Reanimacja tygrysa metodą… usta-usta
Mały tygrys z Halle w środkowych Niemczech zawdzięcza życie błyskawicznej reakcji studentki medycyny i… oddychaniu metodą usta-usta. Nietypowa akcja ratunkowa miała miejsce w tamtejszym ogrodzie zoologicznym. W czasie karmienia, trzymiesięcznemu tygrysowi utkwił w przełyku kawałek mięsa. Zwierzę zadławiło się i straciło przytomność. Zdarzenie obserwowała studentka medycyny, która z synem zwiedzała zoo.

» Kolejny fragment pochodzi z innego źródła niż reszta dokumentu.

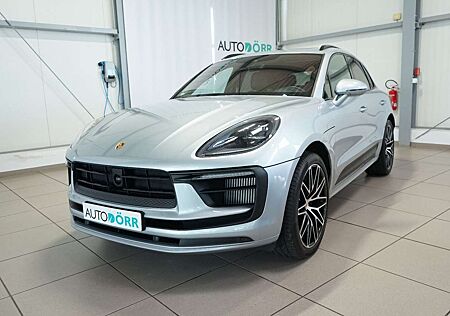 Porsche Macan S Sport Chrono+Approved+Standhz.+AHK+BOSE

Dziewczyna przekonała opiekunów tygrysiątka, że trzeba działać natychmiast, a nie czekać na przyjazd weterynarza. Wpuszczona przez personel na wybieg dla dzikich kotów wykonała tygrysowi masaż serca i sztuczne oddychanie metodą usta – usta. Reanimacja odniosła skutek. Po pięciu minutach mały tygrys odzyskał przytomność.
– Czułam się jakbym całowała niemowlaka – opowiadała później dziennikarzom matka jednorocznego syna. W dowód wdzięczności dyrekcja zoo w Halle nazwała tygrysa imieniem chłopca – Johann.